**Records to process**:
+++

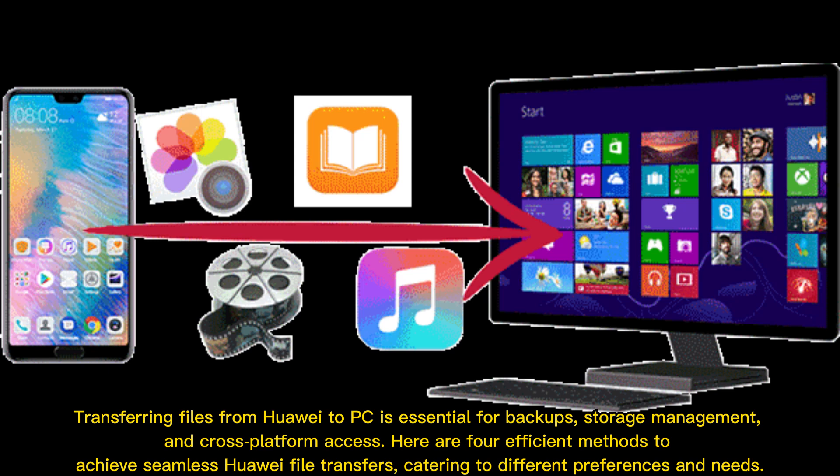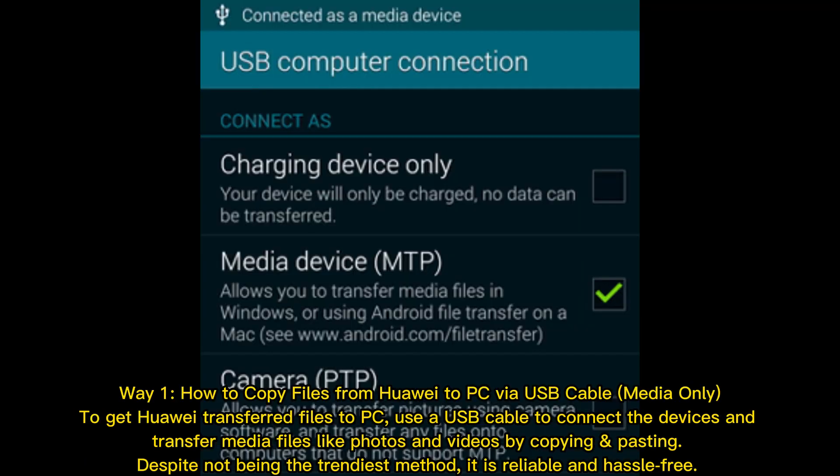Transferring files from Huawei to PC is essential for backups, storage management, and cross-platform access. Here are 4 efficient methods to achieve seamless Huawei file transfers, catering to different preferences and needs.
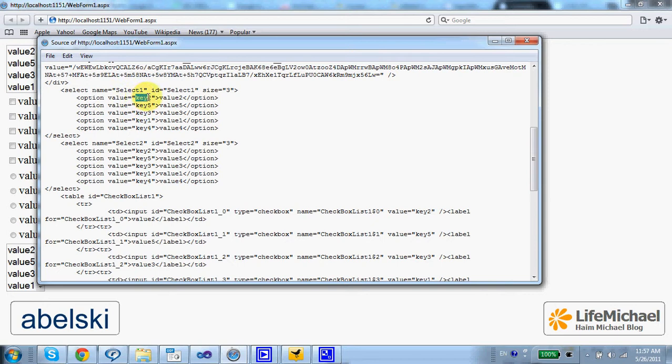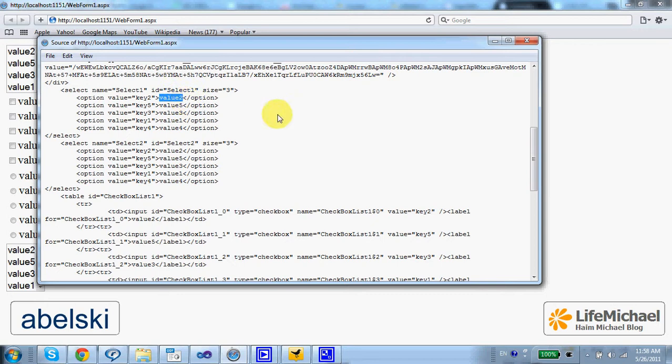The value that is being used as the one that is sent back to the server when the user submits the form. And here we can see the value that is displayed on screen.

+++

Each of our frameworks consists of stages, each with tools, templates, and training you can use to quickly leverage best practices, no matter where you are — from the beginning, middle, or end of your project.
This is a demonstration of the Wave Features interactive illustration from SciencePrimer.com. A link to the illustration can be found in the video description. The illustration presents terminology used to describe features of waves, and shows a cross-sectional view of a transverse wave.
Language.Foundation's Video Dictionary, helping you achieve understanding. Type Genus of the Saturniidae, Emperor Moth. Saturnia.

+++

Nothing but the lines above from the one that has "Transferring files from" down to the one that has "The value that is being" belongs in the answer, copied exactly, without pictures.

**Answer for this exercise**:
Transferring files from Huawei to PC is essential for backups, storage management, and cross-platform access. Here are 4 efficient methods to achieve seamless Huawei file transfers, catering to different preferences and needs.
The value that is being used as the one that is sent back to the server when the user submits the form. And here we can see the value that is displayed on screen.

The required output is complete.